My last post about plein air painting addressed how to do watercolors. In this final post, I will address how to do oils and / or acrylics.
There are many similarities with painting plein air in oil or acrylics. Same supports – panels or canvasses, same (similar) brushes, same easel, etc. The biggest difference is that oils take a long time to dry and use some volatile chemicals, such as, mineral spirits. Acrylics are painted with water and dry in less than fifteen minutes. This makes a big difference if you are transporting the canvasses. Oil painting will smear and get everywhere, whereas, acrylic paintings will dry quickly and be ready to transport within minutes.
Although I painted in oils for over a decade, now I do plein air painting almost exclusively in acrylics. Mostly for the ease of transport and quick drying times.
As always, my main concern in plein air painting is weight and ease of transport. There are many wonderful easels but the most common is the French easel which has been around for over 100 years. There is also the half-box easel and new aluminum easels which help a bit with the weight. Another option is the pochade box, either homemade or purchased. It seems everyone is trying to get smaller and smaller. I have a pochade box which is a beautiful piece of art furniture, but not really practical for my needs. I never want to get it messed up!
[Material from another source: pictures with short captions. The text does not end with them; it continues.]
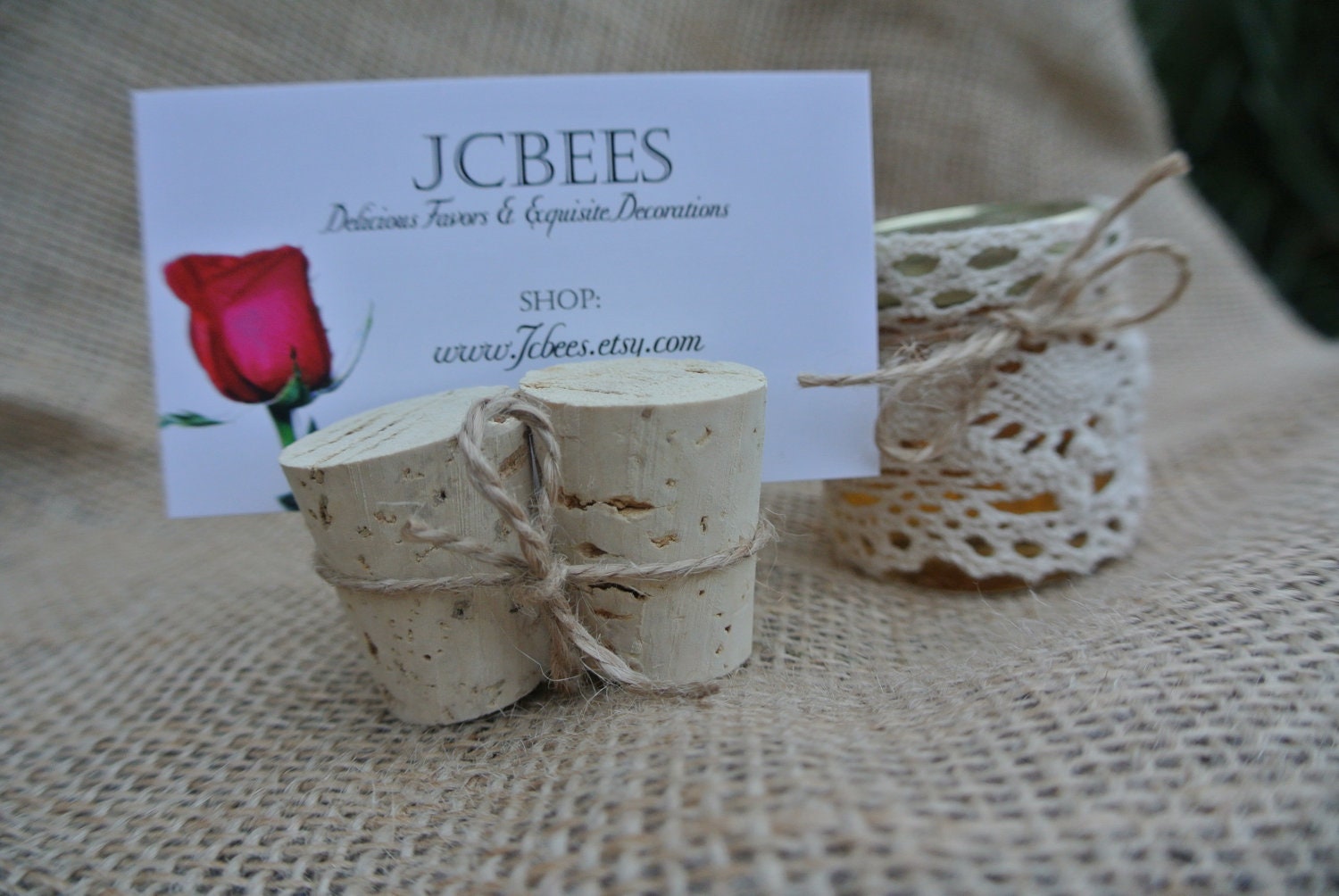 Handmade Wine Cork Place Card Holder, Vineyard  Wedding, Bridal Shower Decorating, Stagette Party, Name Card Holder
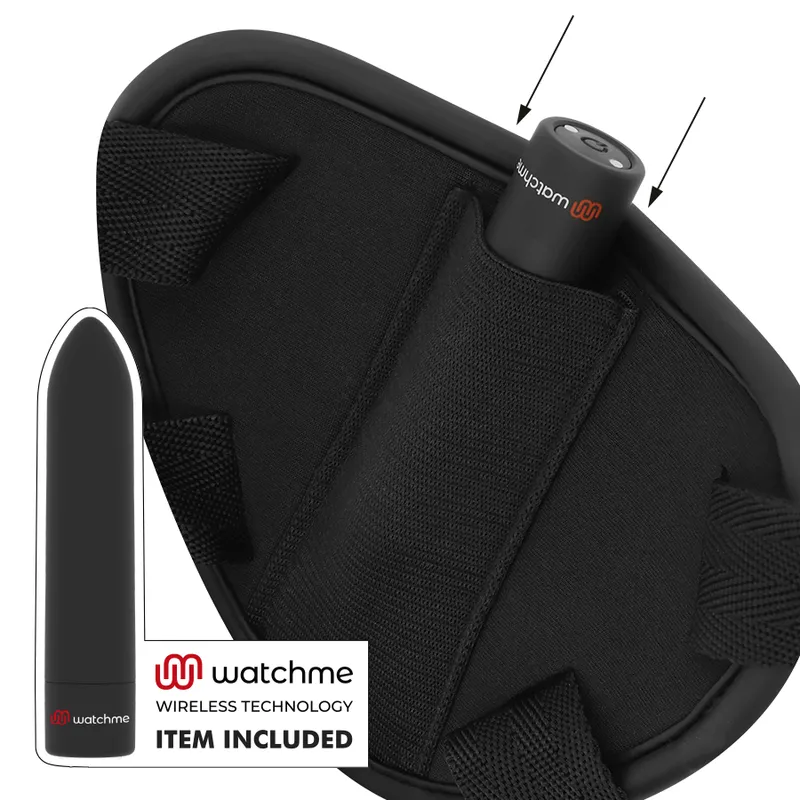 Harnais Gode Silicone Réaliste Avec Télécommande - Image 15
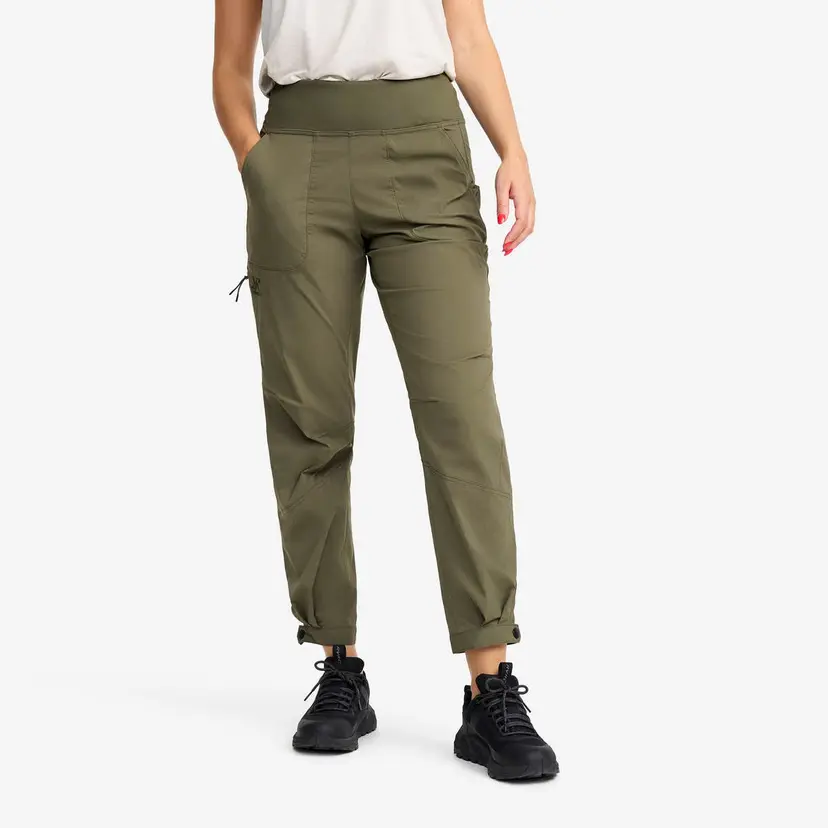 RevolutionRace Breezy Curved Ankle Stretch Pants Dame Grape Leaf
As usual, my main concerns are with weight and portability. I use another light weight aluminum easel (Stanrite 100) this one with spikes which fold out, but the whole thing collapses to about 25 inches. That I carry in the same homemade carrier as my watercolor easel. And another backpack devoted to acrylic (oil) painting. For some reason, Stanrite quit making these easels but I expect that is mostly because they last so long. You can probably find them on Ebay or one of the resale sites.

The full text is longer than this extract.